_Information supplied_:
☆ ☆ ☆ ☆

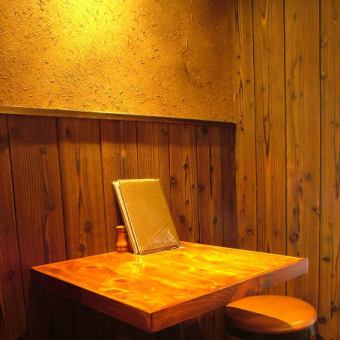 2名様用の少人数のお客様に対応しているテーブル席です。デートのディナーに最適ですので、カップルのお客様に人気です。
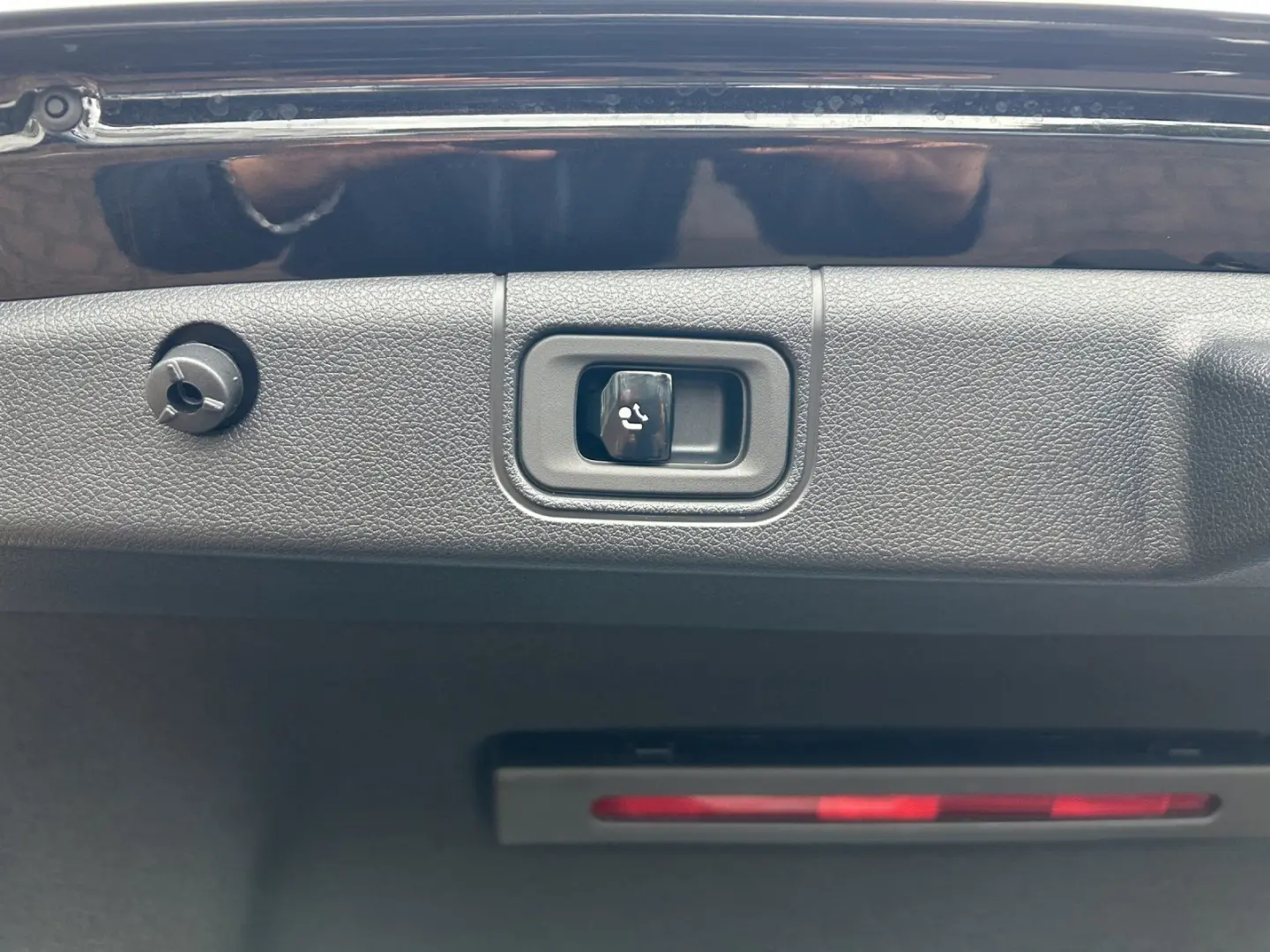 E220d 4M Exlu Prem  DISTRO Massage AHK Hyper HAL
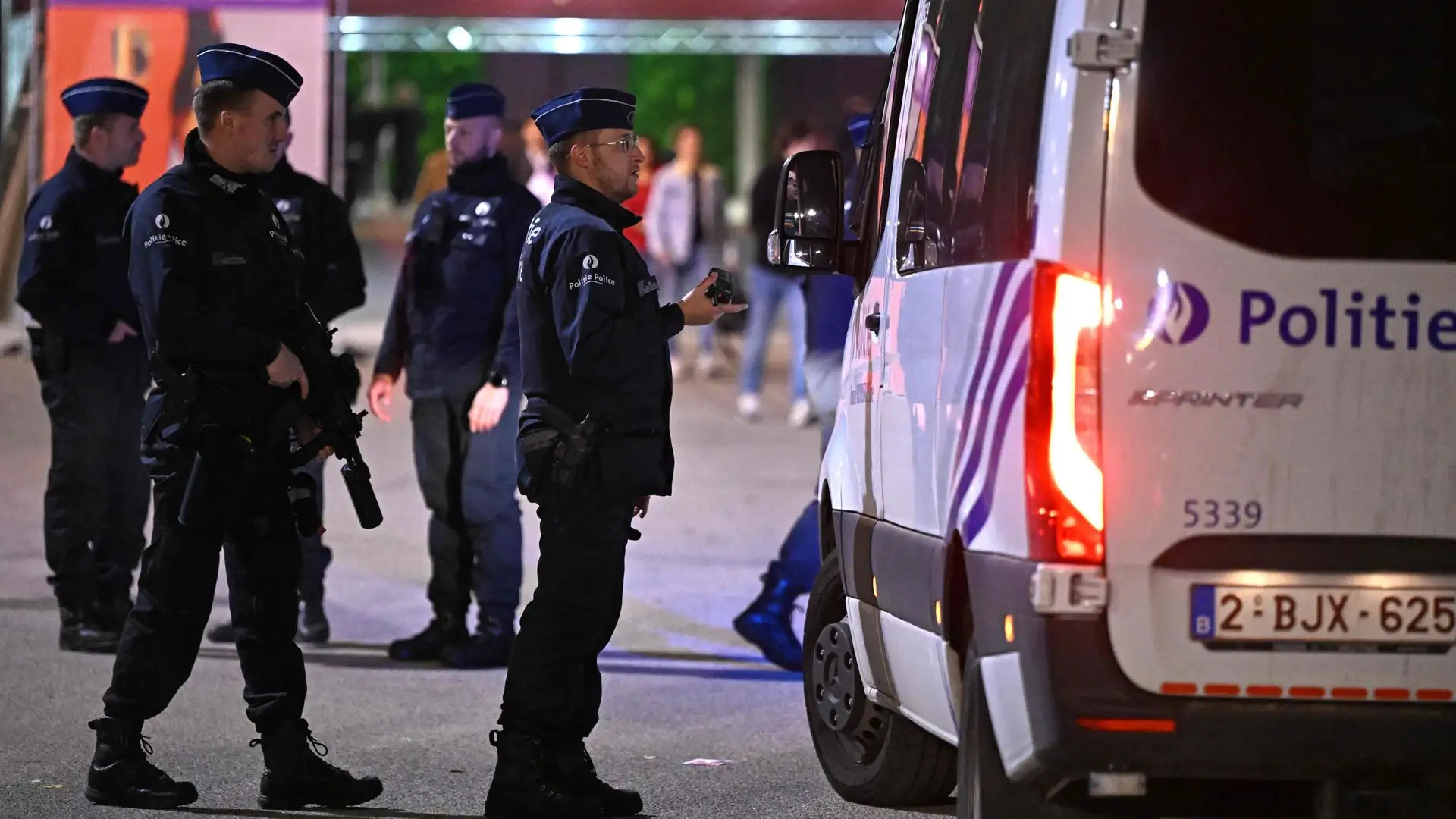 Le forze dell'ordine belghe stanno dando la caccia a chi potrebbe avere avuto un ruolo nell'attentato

☆ ☆ ☆ ☆

_Task instructions_:
Output the data exactly. Leave every picture out.

_Response box_:
 2名様用の少人数のお客様に対応しているテーブル席です。デートのディナーに最適ですので、カップルのお客様に人気です。
 E220d 4M Exlu Prem  DISTRO Massage AHK Hyper HAL
 Le forze dell'ordine belghe stanno dando la caccia a chi potrebbe avere avuto un ruolo nell'attentato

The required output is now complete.